Responsible Web Design

Loose notes from SXSW 2008 panel Responsible Web Design with:

Greg Rewis Adobe Systems Inc
Stephanie Sullivan Principle, W3Conversions

This session was a bit elementary, focused on basic standards-compliant development practices, but stayed with it to hoover up a few teaching tips. It’s always a dilemma at these things… by the time you realize you wish you were at a different discussion, it’s halfway over, and the one you wish you were at is two blocks away. Sometimes better just to ride it out.

Things go awry – sometimes you have to break the rules.

Three layers of responsible design –

1) The HTML layer.
2) The design layer.
3) The javascript or behavior layer.

Flash 3 is Ecma compliant and can be made accessible. But it’s not always easy, and very few Flash developers give it any thought.

MTV.com is in the process of reducing the amount of Flash on the site – going HTML with embedded Flash “pods” (just like I’ve been recommending in internal discussions re: how multimedia storytellers should operate).

Remember that people need to raise/lower the font size – make sure your design doesn’t break apart when fonts change. Working to web standards will help ensure this doesn’t happen. Do fonts in em widths.

Save money with standards-based approach – faster, much less buggy.

SEO – when there’s less code soup, the spiders can find the key content more readily.

A web site IS content. The content needs to come first. So content should be marked up according to its semantic meaning. Search engines pay more attention to an H1 than they do to an arbitrary “big green bold” class.

Don’t name things “left column” or “right column” – again, mark things up semantically, e.g. “nav_column” and “sidebar”

Wireframe and design stages should happen *after* the content has been received and marked up semantically.

When implementing another designer’s work (e.g. a blog theme or a Dreamweaver template or a downloaded stylesheet) *take the time to read the comments* in the code rather than guessing and hacking around.

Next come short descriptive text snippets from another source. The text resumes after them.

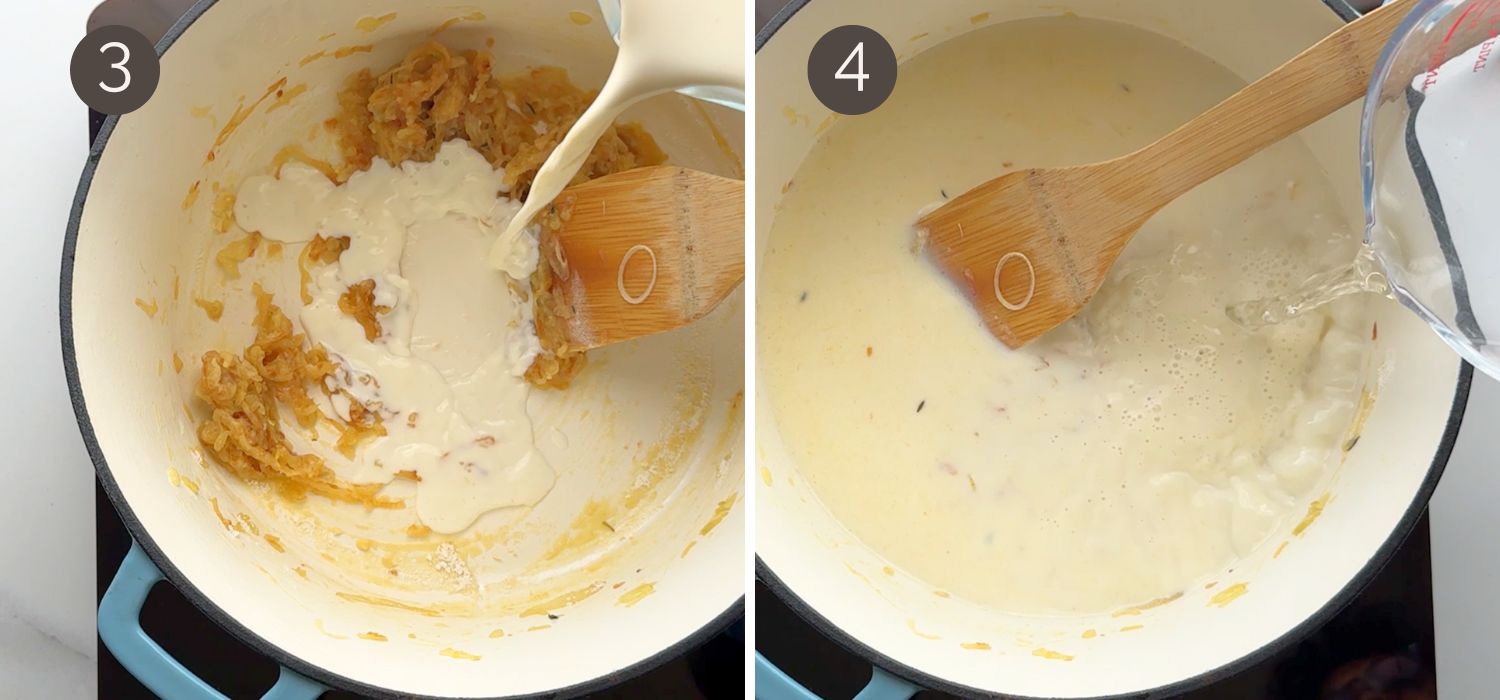 Step 3 and 4 showing milk and water being added to the pot with caramelized onions.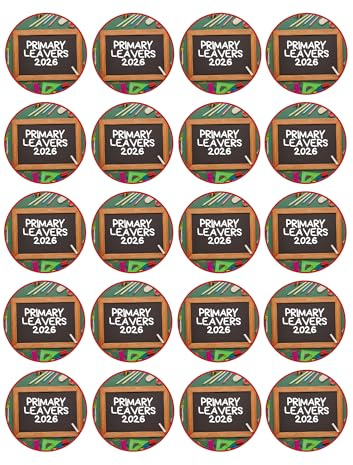 edible 20 x Primary School leavers 2026 cupcake toppers NOT-PRECUT wafer card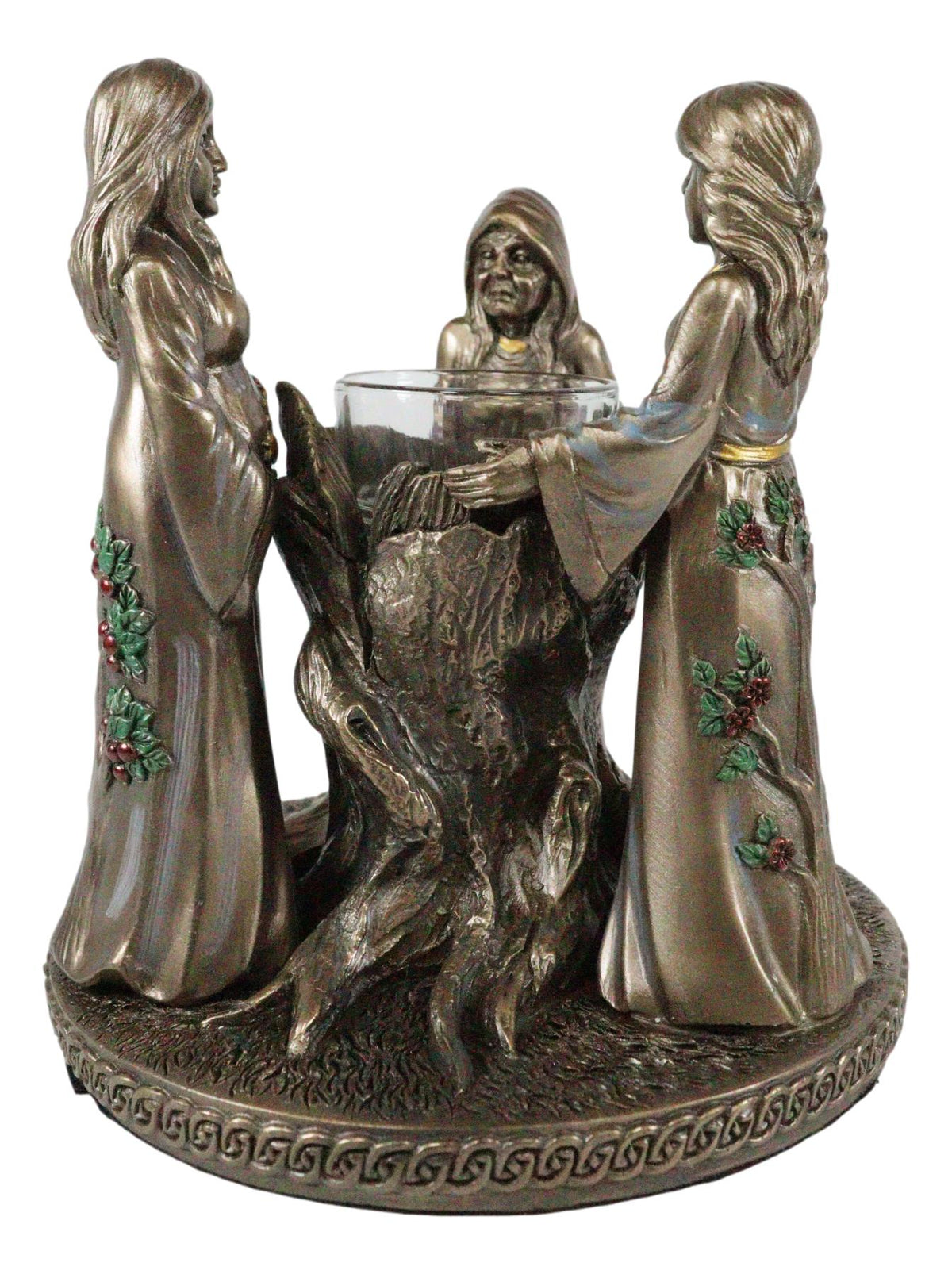 Ebros Occultic Wiccan Triple Goddess Maiden Mother Crone Votive Candle Holder Figurine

Code for compliance first, then work out the Explorer bugs later with conditional comments in the CSS. If you use conditional comments, it will be much easier to handle IE compliance when it finally appears in IE8.

Dreamweaver has supported CSS since day 1. But an emphasis in DW CS3 was on accurate rendering.

Guy’s fave feature in CS3 – you can drag a rule from one stylesheet to another (from local to global or vice versa) and DW will work out any conflicts. You can also create an inline style for bug busting purposes, and convert it to a real rule when it’s ironed out.

DW in CS3 will help to predict browser compatibility issues. Scanning… you’ve got a double float margin bug that will affect… of course… IE. This could be hugely useful! It won’t actually fix the bug in all cases, but will take you to Adobe’s “CSS Advisor” – a one-stop shop where community works together to share browser bug fixes. Usually you would Google for it, but then you get 30 different responses. But the advisor is built to demonstrate specific / recommended solutions. Includes a wiki.

CS3 has some really nice document introspection features that help you to build Ajax features. Drag in placeholder elements. Really nice results.

labs.adobe.com – drop-in tools, such as updates to the Spry Ajax framework in DW.

Building to degrade: Build the page FIRST as if you were never planning to do Javascript/Ajax at all. THEN build your interactivity on top of that. That way the degradability doesn’t become a hack or an afterthought – it’s already there.